I have the Camelback Podiums as well - was tired of cheap leaking water bottles, the Podiums are relatively leak free.


----------



## Vee

Camelbak Podium Chill here. My dad just came to me with the same question and he ended up purchasing Camelbak Podium Ice bottles.


----------



## dysfunction

I like the Chills, the Ice's are better though.


----------



## Herkwo

^^^THESE^^^ I previously used the Polar Insulated bottles but over time the valves have become stiff and very hard to open. I've since switched to the Camelbak Podium Ice bottles and am very happy so far. Final test will be seeing how they handle the summer temps in Arkansas...


----------



## pigpen

I am a freebee guy.
I have and use water bottles that are 15+ years old.


----------



## rx-79g

All my cheapos are reasonably nice bottles. If I cared about cold that much I'd just freeze one of the bottles solid before the ride.


----------



## JohnStonebarger

LDPE-5 bottles that don't make water taste like plastic:

http://www.rivbike.com/products/show/water-bottle-of-the-immortals/31-457

Nice.


----------



## rx-79g

For any plasticy tasting item, try soaking the bottle in water with a few drops of bleach. This seems to kill the plastic taste.


----------



## dysfunction

rx-79g said:


> All my cheapos are reasonably nice bottles. If I cared about cold that much I'd just freeze one of the bottles solid before the ride.


Yea, how insulated your bottle needs are is going to be very environment and taste dependent.


----------



## rx-79g

dysfunction said:


> Yea, how insulated your bottle needs are is going to be very environment and taste dependent.


I guess. But I've ridden in humid 100 degree weather, and a frozen bottle is still ice cold by the time you finish the first bottle. That's why I don't see the need for all the fanciness.

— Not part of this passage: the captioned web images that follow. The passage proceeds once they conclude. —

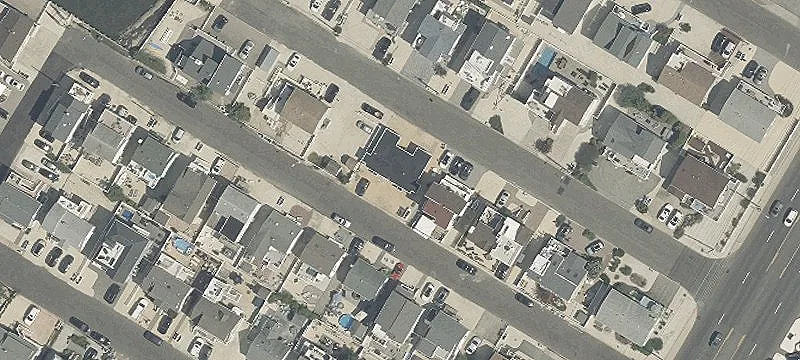 Side-by-Side Duplex Near Beach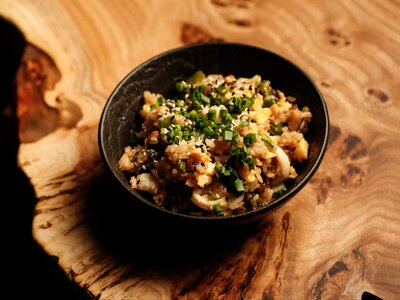 Тяхан с морепродуктами и бэйби кукурузой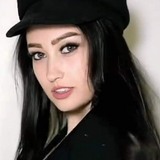 Gul from Senovo | Woman | 33 years old | Aries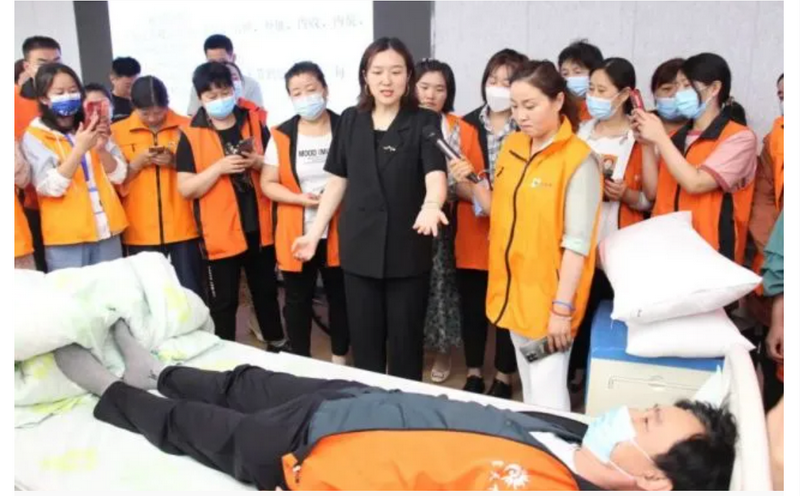 日出水了啊快点使劲动态图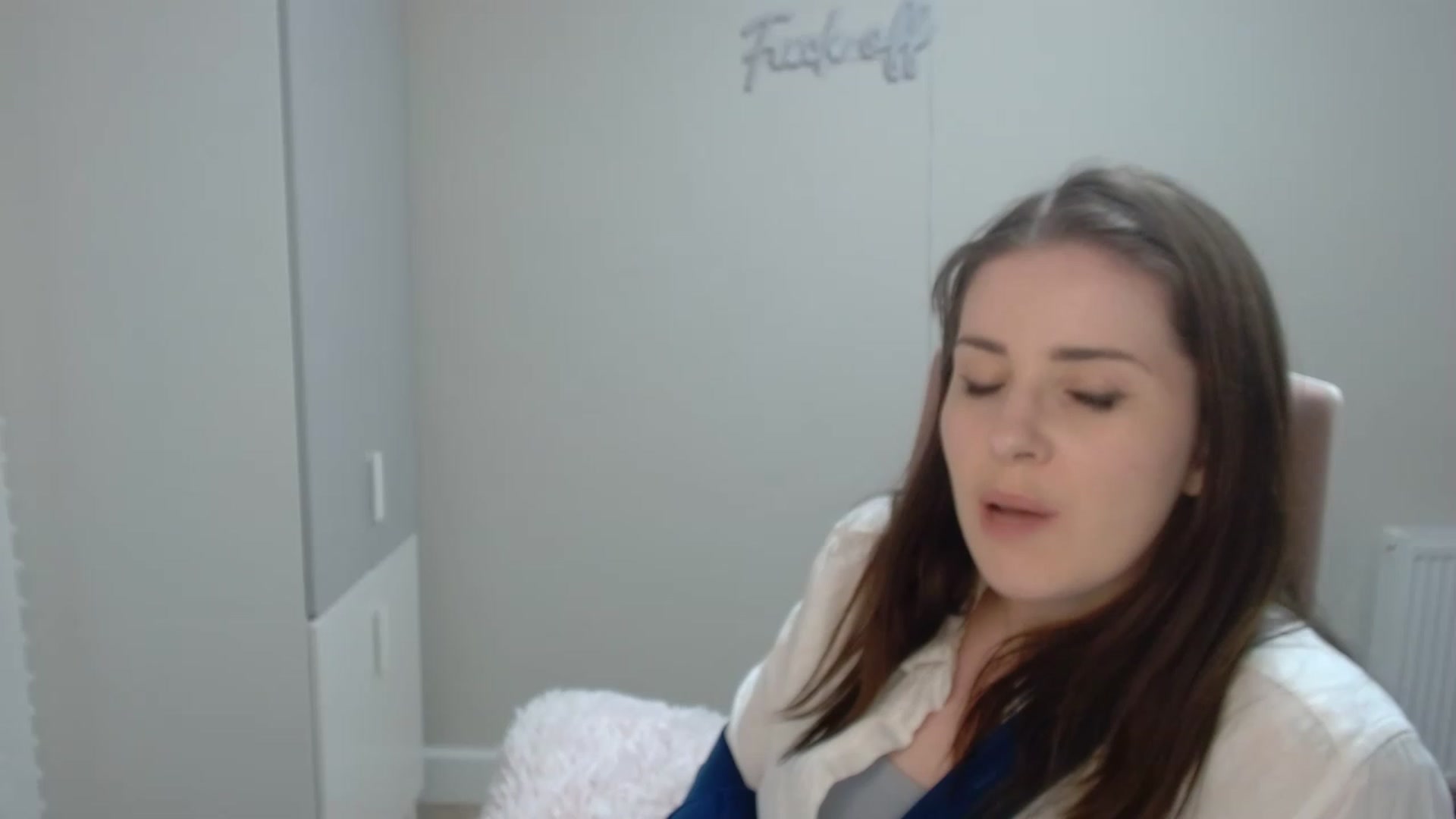 Gallery image thumbnail from Larah_Sky's myfreecams stream on, 03/27/2023, 20:52 image 3 of 20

I never worry about using the dishwasher to get my bottles properly clean, either, because they are so cheap.

If I was really goint to "upgrade" my bottles, it would be to stainless steel for health reasons - no plastic at all. But LDPE plastic bottles don't leach into your water, they're cheap, don't require special care and you can have enough of them to always have a clean one or some in the freezer. Most of the new bottle or cage systems really seem like expensive solutions to non-problems - and cause problems if you are trying to make do with too few and not cleaning them well.

Maybe I'm just cheap. But I like my $2 bottles, $20 sunglasses, $12 SS cages and $15 chains which seem to be just as effective and fast as the stuff costing 10 times as much. I spend the big bucks on tires.


----------



## Sisophous

I have 2 Raleigh bottles that I got back in the early 90s. I like them for two reasons, they are soft plastic and partially clear so you can see the amount of liquid you have left. I don’t like the ubiquitous hard shell colored bottles.


----------



## gsorvino

Free ones are the best - it is just a bottle to hold liquid.


----------



## sonic_W

Consistently I only hear something between the specialized and the camelbak podiums. I've only used the podiums, and I'd recommend them as well.


----------



## rward325

Camelback Podiums here. They even came out with a large size bottle this season.


----------



## Oxtox

Podium Chill.

drinking scalding hot water in the summer is not conducive to staying hydrated.


----------



## Elfstone

ZoSoSwiM said:


> I prefer the Podiums. I don't generally care if my drink is cold so they work for most rides.


I concur...

Peace


----------



## xxl

I like the Specialized bottles; they're inexpensive, don't leak, are easy to drink from, and come in 22 oz. Plus my bike shop carries 'em, so....


----------



## JoelS

RJP Diver said:


> I like Camelback's 21oz Podium Chill. Insulated, but not heavy/bulky. One-way jet valve. BPA-free so no bottle taste. On a hot summer day this bottle will keep ice water cold for a few hours. Fits in standard cages no problem.


These are great.


----------



## pianopiano

I've been using Polar insulated bottles for a couple of years now, but lately have been using the lids from my Camelbak bottles because the valves are so awesome. I think that I'll just buy Camelbak Chill or Ice bottles next time.


----------



## superjesus

I concur with the common sentiment, Podium or Specialized bottles FTW. I'll add that after suffering some minor heat illness last summer, I'm not opposed to carrying a Camelbak these days.


----------



## Mr. Versatile

I have the Podiums and the Polar insulated. I don't particularly like either one. I like bottles with large nozzles that are easy to squeeze. Neither the Podiums nor the Polars are easy to squeeze.


----------



## tracerprix

Camelbak Podium bottles are the best. They do not leak and they work well.


----------



## Golfguy

Here in Texas the Polar bottles are almost essential. I might give the Camelbak bottles a try for the valve, though.


----------



## ntnyln

Can't beat knowing what your drinking isn't gunked up.

http://cleanbottle.com/


----------



## ntnyln

Double post.


----------



## RCA

piano said:


> I've been using Polar insulated bottles for a couple of years now, but lately have been using the lids from my Camelbak bottles because the valves are so awesome. I think that I'll just buy Camelbak Chill or Ice bottles next time.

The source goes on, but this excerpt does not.